### Work required
Please give every record below again exactly, and keep the pictures out.

[Extracted data entries]

----------------

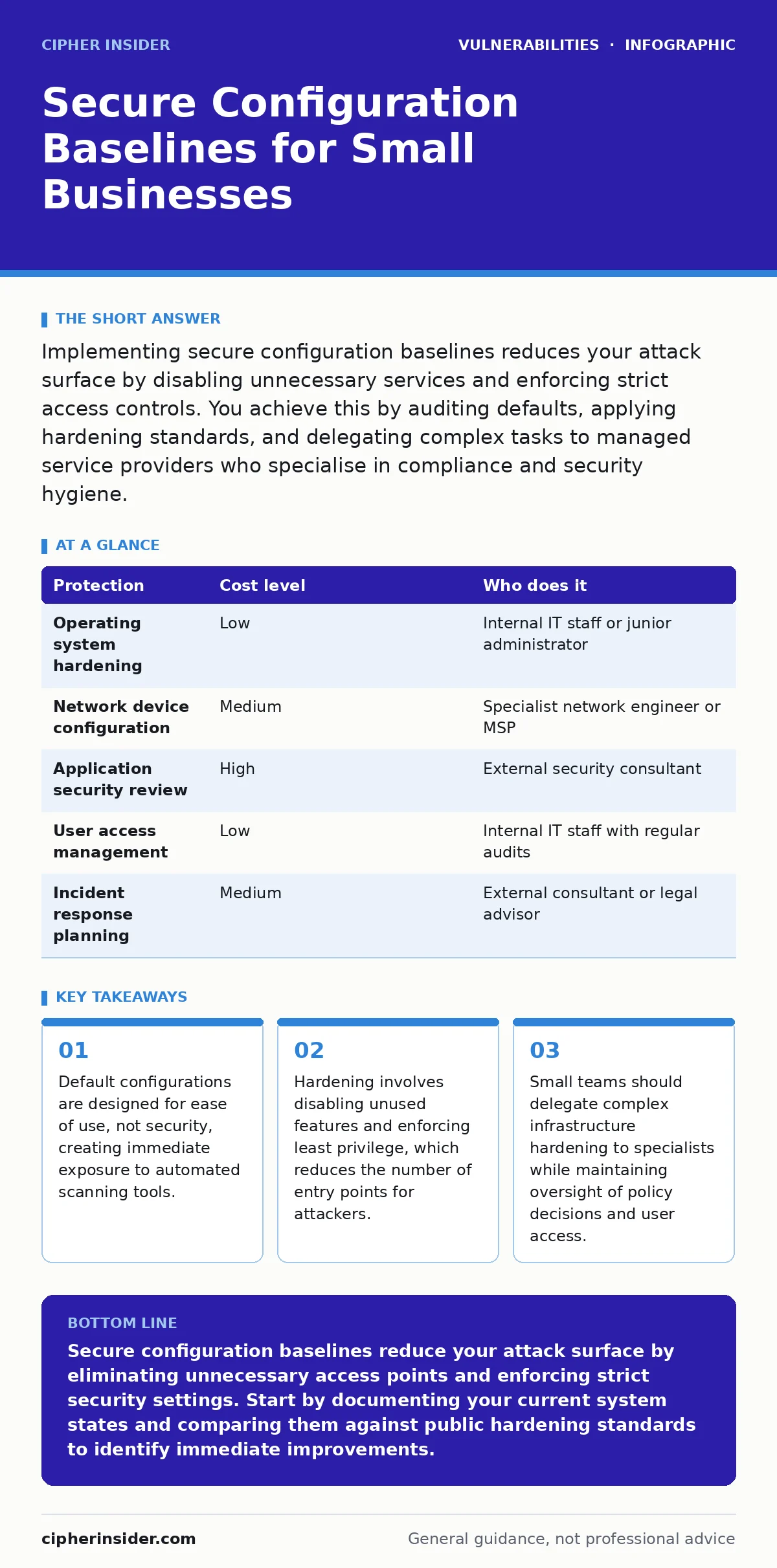 Infographic: Secure Configuration Baselines for Small Businesses. Default configurations are designed for ease of use, not security, creating immediate exposure to automated scanning tools. Hardening involves disabling unused features and enforcing least privilege, which reduces the number of entry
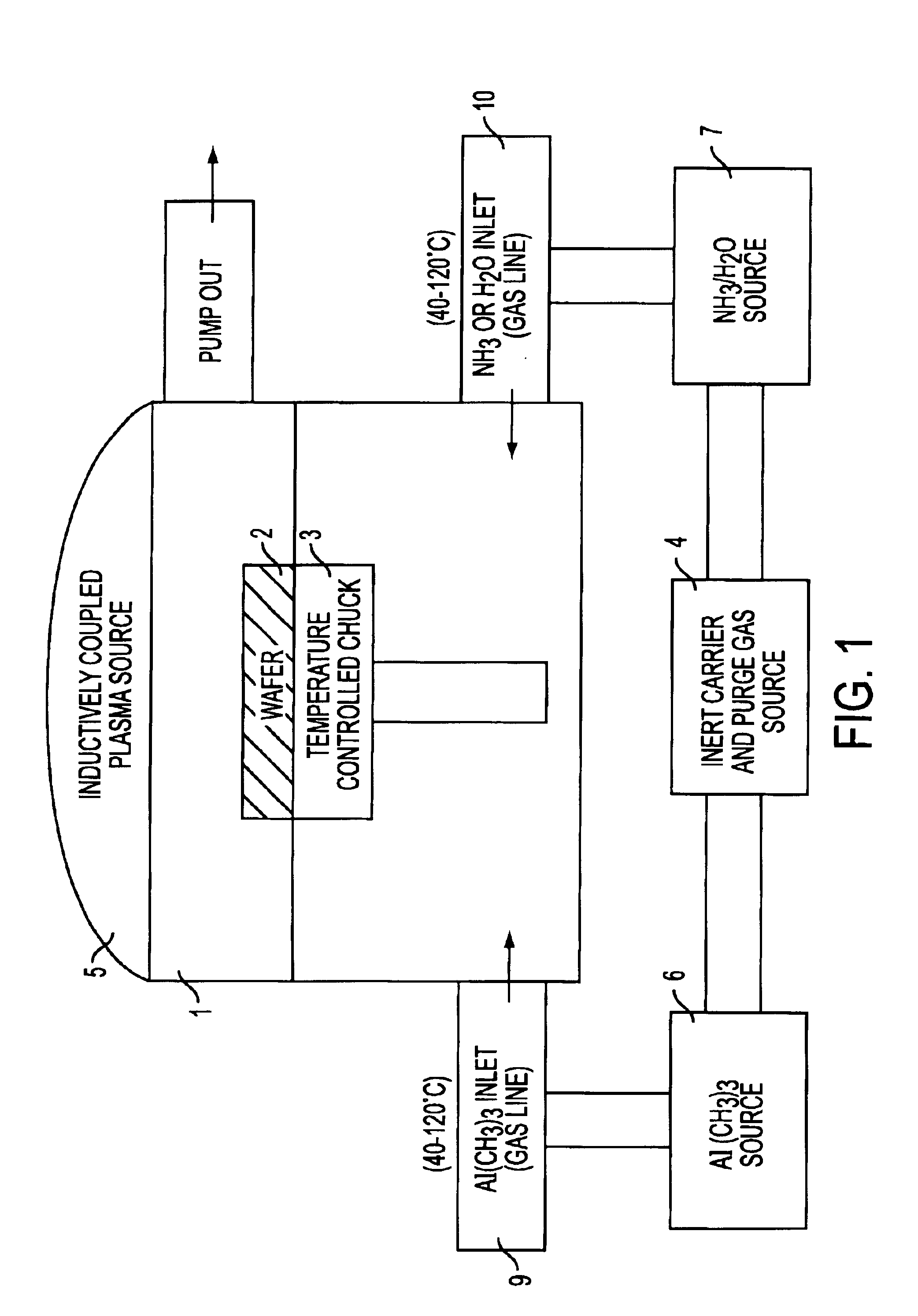 Method of fabricating a multilayer dielectric tunnel barrier structure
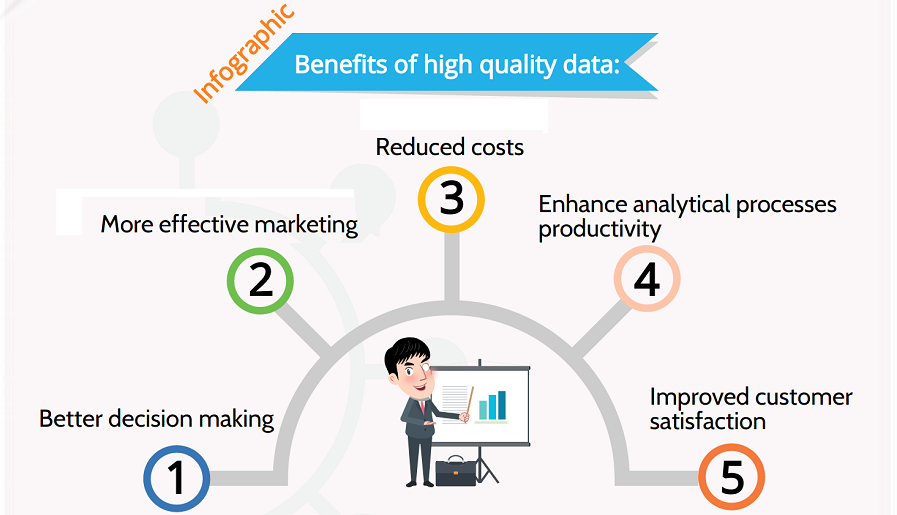 Importance of High Data Quality Assurance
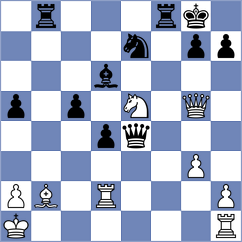 Kozak - Ter Sahakyan (chess.com INT, 2024)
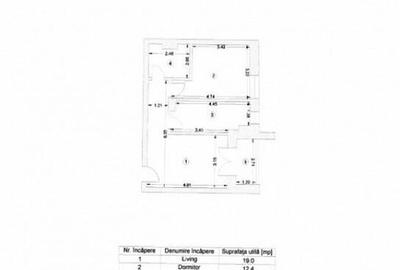 2 Camere cu Parcare subterana vis-a-vis de Auchan Titan - 1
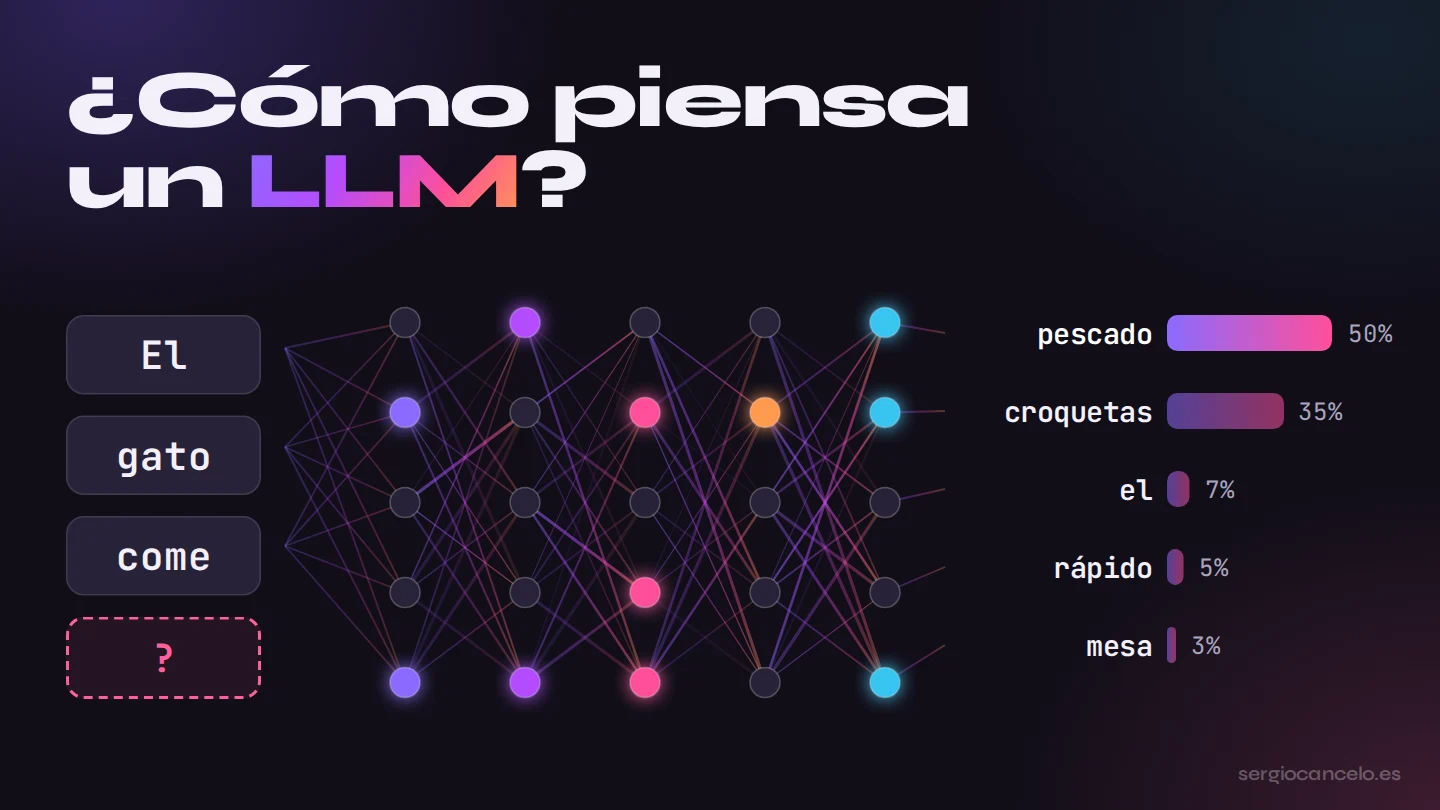 ¿Cómo piensa un LLM?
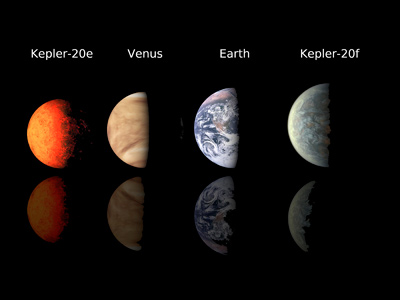 Телескопом Kepler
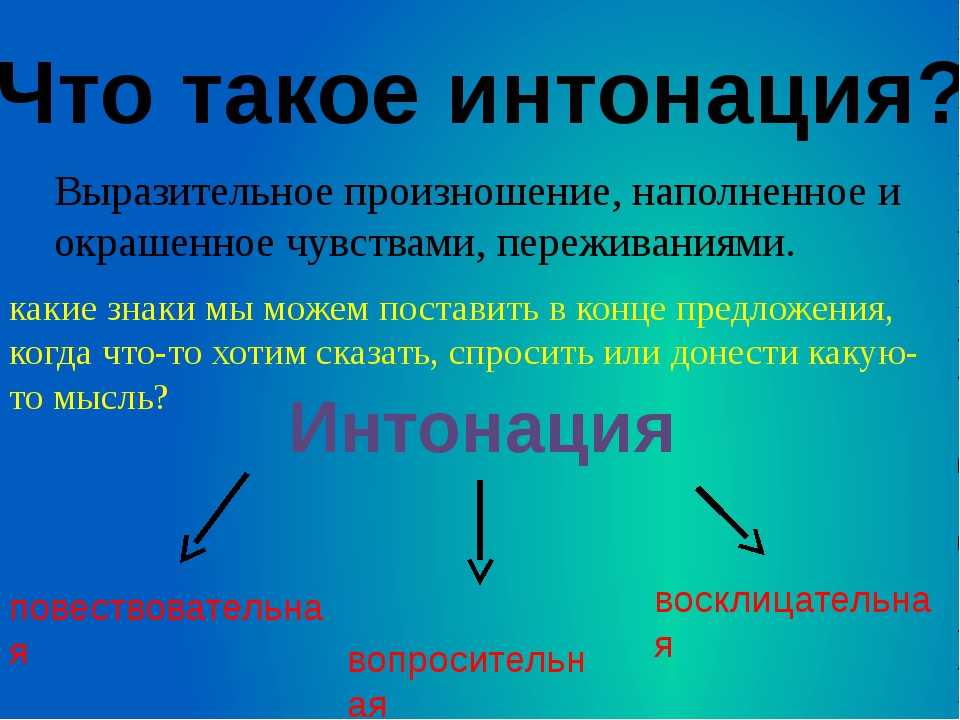 Что такое интонационная схема предложения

----------------

### Response
 Infographic: Secure Configuration Baselines for Small Businesses. Default configurations are designed for ease of use, not security, creating immediate exposure to automated scanning tools. Hardening involves disabling unused features and enforcing least privilege, which reduces the number of entry
 Method of fabricating a multilayer dielectric tunnel barrier structure
 Importance of High Data Quality Assurance
 Kozak - Ter Sahakyan (chess.com INT, 2024)
 2 Camere cu Parcare subterana vis-a-vis de Auchan Titan - 1
 ¿Cómo piensa un LLM?
 Телескопом Kepler
 Что такое интонационная схема предложения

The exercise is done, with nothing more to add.